Feere’s research found that the “overwhelmingly majority of the world’s countries do not offer automatic citizenship to everyone born within their borders.” Only 30 countries out of 194 offer automatic citizenship, CIS confirmed. Of the 31 counties listed on the International Monetary Fund’s list of advanced economies, only the United States and Canada grant automatic birthright citizenship.
No country in Europe, a continent many liberals often cite for its supposedly superior views on everything from government health care to high tax rates, grants automatic citizenship. The trend has been toward eliminating it in the few countries that grant it. Australia, Ireland, India, New Zealand, and the United Kingdom have all jettisoned this policy.
CIS estimates there are 300,000 to 400,000 children born to illegal immigrants in the U.S. each year. There were 2.3 million such children in 2003; there were four million in 2008 – and that number doesn’t include children who are older than 18 or who are married. Texas says that between 60,000 to 65,000 of the children born in Texas every year have parents who are not citizens or 16% of the total births in the state -- 542,152 from 2001 to 2009.

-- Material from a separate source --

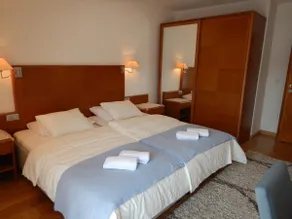 Modern apartment on the sea coast - Image 3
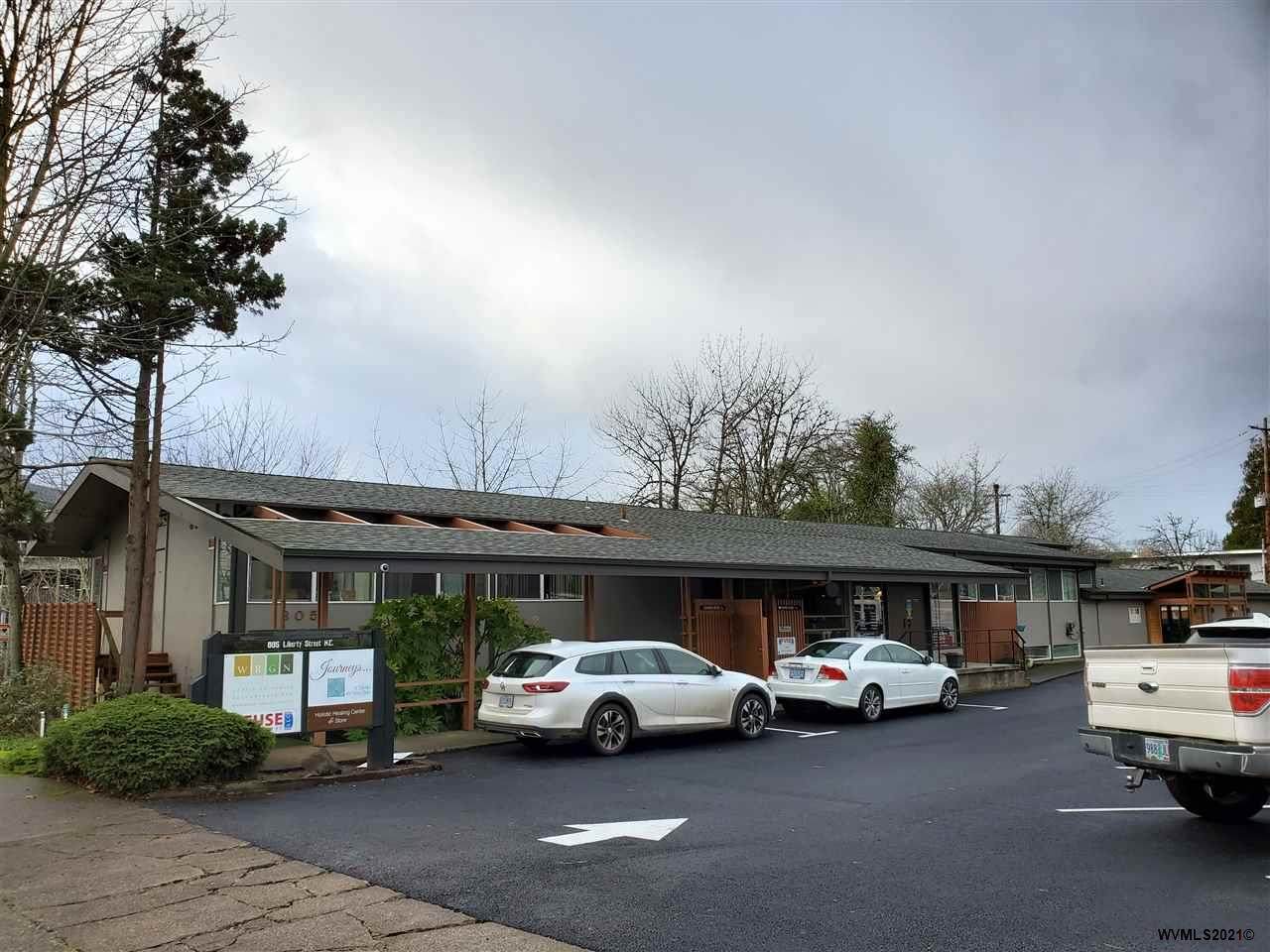 805 Liberty - Photo 1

And the hundreds of thousands of such children are no accident. Many of them are the result of a deliberate effort by illegal aliens and foreign tourists to exploit our law and use these children to keep themselves in the country. Such children provide access to welfare benefits that would otherwise be off-limit to the parents and can “ultimately initiate chain migration of the child’s extended family and in-laws,” the CIS study notes.